# MIL and OBDII code P0421



## sonnybihis (Feb 4, 2009)

First of all I hope I'm in the right forum, sorry if I'm not. Hopefully I can get help anyways. I got a MIL on Saturday. It came up as P0421 Warmup Catalyst low threshold (Bank 1). I erased it and it didn't come back until today...maybe 250-300 miles later...when I took the car in for a smog check. The results of the smog check don't show any emissions out of spec so I'm assuming the problem is with an O2 sensor. Has anyone had any experience with these? Can this O2 sensor be removed/cleaned/replaced, or does it need to be replaced w/ a new one. Please let me know. Thanks!


----------



## sonnybihis (Feb 4, 2009)

I just found this...
http://www.vaglinks.com/Docs/A...e.pdf
i hope that's it!


----------



## ErockBar1 (Apr 12, 2005)

*Re: (sonnybihis)*

I threw a similar code on my old 1.8t GTI. It was the O2 sensor in front of the cat. Got a new one from ECS tuning and swap it out myself.

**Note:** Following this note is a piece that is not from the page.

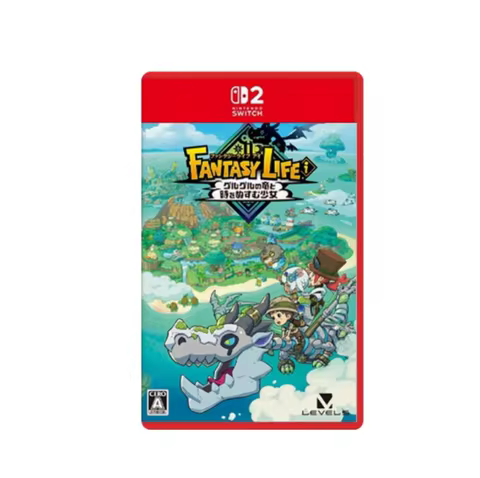 Nintendo Switch 2 Game - Fantasy Life i Guruguru Dragon and the Timeless Girl - Games Physical Cartr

Took total of 20mins.


----------



## sonnybihis (Feb 4, 2009)

*Re: (ErockBar1)*

i'm hoping that it's that easy for me too if it's not the ECM thing above. the dealer told me that it would cost me $250 for them to update the ECM. i think it's wrong that they wanna charge me for something that's a known issue with that car, regardless of it's age...


----------



## 2002a642 (Nov 30, 2008)

That update may fix the problem but it may have been done already and more then likely its the catalyst not the o2


----------



## b5in (Sep 10, 2003)

*FV-QR*


_Quote, originally posted by *sonnybihis* »_i'm hoping that it's that easy for me too if it's not the ECM thing above. the dealer told me that it would cost me $250 for them to update the ECM. i think it's wrong that they wanna charge me for something that's a known issue with that car, regardless of it's age...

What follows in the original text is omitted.